----- Data records

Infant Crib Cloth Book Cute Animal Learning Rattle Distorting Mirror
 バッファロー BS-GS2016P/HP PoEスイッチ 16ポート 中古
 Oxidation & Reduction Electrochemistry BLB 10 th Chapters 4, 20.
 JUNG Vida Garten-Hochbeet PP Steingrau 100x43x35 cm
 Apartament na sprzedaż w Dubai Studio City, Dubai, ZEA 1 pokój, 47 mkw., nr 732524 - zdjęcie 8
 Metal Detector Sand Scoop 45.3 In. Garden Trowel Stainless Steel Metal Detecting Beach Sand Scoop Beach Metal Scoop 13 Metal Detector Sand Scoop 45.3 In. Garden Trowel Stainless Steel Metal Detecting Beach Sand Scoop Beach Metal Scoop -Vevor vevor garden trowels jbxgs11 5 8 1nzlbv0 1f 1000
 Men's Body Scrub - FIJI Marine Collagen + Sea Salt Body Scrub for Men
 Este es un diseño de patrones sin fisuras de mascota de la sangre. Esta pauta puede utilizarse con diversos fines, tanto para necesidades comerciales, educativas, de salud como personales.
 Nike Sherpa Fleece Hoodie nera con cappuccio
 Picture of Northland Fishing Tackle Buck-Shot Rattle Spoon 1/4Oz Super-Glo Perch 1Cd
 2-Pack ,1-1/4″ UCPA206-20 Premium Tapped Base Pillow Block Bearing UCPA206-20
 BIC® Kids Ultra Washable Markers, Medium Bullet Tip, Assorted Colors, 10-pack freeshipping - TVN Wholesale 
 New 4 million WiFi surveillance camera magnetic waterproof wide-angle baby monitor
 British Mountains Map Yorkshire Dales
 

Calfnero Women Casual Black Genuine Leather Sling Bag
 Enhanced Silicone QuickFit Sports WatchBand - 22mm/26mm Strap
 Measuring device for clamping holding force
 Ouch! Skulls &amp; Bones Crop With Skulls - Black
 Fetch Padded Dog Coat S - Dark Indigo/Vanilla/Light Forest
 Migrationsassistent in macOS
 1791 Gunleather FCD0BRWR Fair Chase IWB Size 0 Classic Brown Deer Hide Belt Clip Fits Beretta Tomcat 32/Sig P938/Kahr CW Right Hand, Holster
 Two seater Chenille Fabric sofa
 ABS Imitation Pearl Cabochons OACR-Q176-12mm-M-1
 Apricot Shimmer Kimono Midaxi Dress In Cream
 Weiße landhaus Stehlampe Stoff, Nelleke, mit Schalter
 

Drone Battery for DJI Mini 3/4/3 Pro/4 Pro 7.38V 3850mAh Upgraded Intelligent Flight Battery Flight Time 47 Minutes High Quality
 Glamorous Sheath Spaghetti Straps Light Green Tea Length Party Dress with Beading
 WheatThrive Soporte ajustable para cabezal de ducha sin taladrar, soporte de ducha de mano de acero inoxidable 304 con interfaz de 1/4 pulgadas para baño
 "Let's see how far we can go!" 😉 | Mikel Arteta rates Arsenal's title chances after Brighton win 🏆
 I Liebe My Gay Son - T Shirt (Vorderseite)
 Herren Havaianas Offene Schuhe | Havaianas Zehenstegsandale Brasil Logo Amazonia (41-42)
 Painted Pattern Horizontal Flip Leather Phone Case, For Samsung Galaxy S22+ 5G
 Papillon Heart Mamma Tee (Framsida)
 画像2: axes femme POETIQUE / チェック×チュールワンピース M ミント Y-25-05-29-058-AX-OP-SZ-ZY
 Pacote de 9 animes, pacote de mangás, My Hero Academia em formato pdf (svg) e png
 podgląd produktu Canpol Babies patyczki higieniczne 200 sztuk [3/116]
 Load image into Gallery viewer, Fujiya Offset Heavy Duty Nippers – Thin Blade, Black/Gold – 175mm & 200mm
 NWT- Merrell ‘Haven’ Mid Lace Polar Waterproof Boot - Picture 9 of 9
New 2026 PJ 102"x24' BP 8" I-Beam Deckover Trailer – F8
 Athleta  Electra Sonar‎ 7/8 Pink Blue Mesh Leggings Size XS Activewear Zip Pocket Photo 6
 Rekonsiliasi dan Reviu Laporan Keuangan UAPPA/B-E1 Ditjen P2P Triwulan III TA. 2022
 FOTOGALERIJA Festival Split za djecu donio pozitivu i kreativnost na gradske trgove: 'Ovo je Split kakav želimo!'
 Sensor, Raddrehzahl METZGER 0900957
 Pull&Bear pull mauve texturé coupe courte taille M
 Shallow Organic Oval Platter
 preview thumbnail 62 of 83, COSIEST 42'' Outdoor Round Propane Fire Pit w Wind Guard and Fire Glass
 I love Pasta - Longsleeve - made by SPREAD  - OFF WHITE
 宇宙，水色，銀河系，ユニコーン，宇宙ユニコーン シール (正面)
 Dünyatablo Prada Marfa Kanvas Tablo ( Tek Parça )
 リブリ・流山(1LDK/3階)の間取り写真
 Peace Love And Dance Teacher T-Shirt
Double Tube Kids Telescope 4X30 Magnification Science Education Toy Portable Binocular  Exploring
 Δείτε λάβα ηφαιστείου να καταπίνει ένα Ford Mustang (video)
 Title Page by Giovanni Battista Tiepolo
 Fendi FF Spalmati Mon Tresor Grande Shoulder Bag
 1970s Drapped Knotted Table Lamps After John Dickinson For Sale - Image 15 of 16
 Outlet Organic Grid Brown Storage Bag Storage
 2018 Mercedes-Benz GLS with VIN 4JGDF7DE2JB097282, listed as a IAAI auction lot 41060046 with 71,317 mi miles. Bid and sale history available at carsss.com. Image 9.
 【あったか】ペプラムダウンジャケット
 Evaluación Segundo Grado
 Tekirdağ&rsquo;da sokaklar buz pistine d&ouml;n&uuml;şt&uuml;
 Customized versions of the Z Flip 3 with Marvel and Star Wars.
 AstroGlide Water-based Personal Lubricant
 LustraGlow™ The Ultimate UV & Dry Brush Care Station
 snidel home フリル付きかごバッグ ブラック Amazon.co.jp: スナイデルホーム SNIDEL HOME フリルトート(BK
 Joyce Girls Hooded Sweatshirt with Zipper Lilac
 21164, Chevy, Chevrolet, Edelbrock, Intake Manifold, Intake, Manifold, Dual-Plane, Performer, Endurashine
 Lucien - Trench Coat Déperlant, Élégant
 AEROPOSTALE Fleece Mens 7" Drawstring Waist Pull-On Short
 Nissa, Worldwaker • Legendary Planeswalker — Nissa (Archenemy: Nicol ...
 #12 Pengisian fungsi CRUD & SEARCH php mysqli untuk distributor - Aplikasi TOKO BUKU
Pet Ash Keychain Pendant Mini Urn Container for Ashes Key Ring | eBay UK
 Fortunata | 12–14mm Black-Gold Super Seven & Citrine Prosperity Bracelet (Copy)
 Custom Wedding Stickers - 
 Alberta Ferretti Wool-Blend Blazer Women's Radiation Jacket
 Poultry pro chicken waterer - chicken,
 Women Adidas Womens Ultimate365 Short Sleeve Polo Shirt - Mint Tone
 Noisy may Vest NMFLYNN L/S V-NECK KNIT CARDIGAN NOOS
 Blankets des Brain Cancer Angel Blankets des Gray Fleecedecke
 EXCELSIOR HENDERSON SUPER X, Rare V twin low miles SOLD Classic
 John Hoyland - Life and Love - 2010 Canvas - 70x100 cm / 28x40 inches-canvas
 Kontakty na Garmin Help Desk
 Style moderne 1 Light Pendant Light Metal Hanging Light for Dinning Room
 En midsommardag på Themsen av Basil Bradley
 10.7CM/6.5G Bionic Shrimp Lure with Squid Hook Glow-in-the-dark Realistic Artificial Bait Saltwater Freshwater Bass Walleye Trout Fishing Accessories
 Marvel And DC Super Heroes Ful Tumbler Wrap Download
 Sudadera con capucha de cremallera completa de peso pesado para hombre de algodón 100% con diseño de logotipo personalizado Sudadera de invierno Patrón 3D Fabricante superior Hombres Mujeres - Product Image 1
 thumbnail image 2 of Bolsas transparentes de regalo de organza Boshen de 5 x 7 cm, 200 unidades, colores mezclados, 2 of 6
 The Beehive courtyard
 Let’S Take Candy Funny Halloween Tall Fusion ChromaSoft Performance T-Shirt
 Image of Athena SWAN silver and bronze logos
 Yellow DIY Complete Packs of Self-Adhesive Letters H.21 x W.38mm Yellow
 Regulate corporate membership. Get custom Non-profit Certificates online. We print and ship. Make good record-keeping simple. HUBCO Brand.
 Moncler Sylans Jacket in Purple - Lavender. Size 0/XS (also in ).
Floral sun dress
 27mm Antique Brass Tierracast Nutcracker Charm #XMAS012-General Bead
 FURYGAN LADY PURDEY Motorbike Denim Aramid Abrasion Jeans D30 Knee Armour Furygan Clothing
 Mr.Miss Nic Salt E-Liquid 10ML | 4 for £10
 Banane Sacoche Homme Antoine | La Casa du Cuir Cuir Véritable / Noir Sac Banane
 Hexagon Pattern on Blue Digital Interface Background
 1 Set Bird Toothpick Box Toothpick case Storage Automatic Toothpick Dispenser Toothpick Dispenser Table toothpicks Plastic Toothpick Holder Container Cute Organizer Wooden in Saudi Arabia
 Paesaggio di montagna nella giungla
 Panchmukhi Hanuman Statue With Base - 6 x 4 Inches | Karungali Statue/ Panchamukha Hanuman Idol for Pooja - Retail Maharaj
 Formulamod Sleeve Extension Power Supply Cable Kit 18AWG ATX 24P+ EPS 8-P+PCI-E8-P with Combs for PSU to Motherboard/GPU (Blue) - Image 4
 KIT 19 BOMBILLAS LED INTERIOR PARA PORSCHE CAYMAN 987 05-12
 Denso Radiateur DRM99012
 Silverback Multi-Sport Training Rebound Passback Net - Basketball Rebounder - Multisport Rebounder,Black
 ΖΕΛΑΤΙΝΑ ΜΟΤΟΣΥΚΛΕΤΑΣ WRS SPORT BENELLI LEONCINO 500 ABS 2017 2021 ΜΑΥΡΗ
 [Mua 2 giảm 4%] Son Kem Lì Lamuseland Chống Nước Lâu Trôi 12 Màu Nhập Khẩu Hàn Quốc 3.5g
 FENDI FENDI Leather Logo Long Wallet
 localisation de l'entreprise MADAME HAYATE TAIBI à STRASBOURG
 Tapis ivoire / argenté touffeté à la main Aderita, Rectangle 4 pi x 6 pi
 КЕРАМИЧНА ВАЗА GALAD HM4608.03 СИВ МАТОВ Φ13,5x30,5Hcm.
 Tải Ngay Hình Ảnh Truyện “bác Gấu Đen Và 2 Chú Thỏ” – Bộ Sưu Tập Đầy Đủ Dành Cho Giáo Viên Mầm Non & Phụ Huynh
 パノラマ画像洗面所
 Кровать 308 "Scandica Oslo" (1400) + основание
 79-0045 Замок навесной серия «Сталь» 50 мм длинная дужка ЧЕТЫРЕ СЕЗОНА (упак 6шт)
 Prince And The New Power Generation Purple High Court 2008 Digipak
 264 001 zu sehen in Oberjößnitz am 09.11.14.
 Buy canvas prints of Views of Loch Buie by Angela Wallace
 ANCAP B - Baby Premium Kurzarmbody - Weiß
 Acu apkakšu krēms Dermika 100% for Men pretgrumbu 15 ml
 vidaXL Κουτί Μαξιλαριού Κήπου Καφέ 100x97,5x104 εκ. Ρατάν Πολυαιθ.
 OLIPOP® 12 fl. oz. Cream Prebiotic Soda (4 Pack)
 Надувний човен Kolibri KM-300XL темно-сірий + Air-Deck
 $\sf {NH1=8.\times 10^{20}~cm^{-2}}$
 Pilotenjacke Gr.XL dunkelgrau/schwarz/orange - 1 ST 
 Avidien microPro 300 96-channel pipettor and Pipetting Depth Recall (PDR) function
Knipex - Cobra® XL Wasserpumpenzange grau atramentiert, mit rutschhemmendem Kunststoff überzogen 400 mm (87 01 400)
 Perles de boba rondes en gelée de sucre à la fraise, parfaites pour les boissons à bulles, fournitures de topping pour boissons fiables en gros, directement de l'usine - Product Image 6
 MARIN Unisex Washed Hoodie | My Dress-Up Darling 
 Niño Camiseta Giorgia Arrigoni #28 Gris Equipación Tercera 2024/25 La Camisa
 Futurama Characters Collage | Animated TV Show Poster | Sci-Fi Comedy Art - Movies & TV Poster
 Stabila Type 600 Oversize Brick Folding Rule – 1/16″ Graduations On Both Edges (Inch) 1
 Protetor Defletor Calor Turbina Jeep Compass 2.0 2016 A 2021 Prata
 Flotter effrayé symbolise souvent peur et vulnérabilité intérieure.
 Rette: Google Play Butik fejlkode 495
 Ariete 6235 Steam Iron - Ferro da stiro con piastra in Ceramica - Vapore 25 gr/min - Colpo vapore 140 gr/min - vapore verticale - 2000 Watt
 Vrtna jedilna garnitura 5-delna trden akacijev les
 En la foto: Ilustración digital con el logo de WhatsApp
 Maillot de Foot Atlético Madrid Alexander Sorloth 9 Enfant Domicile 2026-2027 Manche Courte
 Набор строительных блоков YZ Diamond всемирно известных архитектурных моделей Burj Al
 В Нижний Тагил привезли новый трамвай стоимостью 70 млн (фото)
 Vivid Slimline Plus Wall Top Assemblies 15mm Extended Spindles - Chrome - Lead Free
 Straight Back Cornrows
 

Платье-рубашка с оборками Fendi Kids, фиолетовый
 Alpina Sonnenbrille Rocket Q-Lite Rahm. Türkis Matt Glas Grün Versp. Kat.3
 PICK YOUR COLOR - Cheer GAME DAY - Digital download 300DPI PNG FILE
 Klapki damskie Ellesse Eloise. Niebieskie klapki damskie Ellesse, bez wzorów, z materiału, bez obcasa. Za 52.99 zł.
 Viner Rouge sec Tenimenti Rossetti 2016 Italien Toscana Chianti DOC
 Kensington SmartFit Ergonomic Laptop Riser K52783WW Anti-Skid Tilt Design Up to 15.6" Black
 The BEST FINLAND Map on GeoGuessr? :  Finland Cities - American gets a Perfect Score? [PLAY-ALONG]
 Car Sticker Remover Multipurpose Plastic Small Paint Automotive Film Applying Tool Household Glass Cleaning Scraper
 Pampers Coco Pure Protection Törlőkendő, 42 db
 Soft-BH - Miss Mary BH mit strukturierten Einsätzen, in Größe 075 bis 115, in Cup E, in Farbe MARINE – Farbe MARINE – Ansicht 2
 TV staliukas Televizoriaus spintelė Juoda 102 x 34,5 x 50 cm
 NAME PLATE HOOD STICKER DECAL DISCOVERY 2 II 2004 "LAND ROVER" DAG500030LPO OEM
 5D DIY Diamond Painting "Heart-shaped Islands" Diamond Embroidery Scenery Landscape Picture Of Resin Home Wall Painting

----------

— What is being asked —
From the entries above, return exactly the line containing "(1400) + основание", the line containing "Acu apkakšu krēms", and all lines between, and nothing else.

— Response area —
 Кровать 308 "Scandica Oslo" (1400) + основание
 79-0045 Замок навесной серия «Сталь» 50 мм длинная дужка ЧЕТЫРЕ СЕЗОНА (упак 6шт)
 Prince And The New Power Generation Purple High Court 2008 Digipak
 264 001 zu sehen in Oberjößnitz am 09.11.14.
 Buy canvas prints of Views of Loch Buie by Angela Wallace
 ANCAP B - Baby Premium Kurzarmbody - Weiß
 Acu apkakšu krēms Dermika 100% for Men pretgrumbu 15 ml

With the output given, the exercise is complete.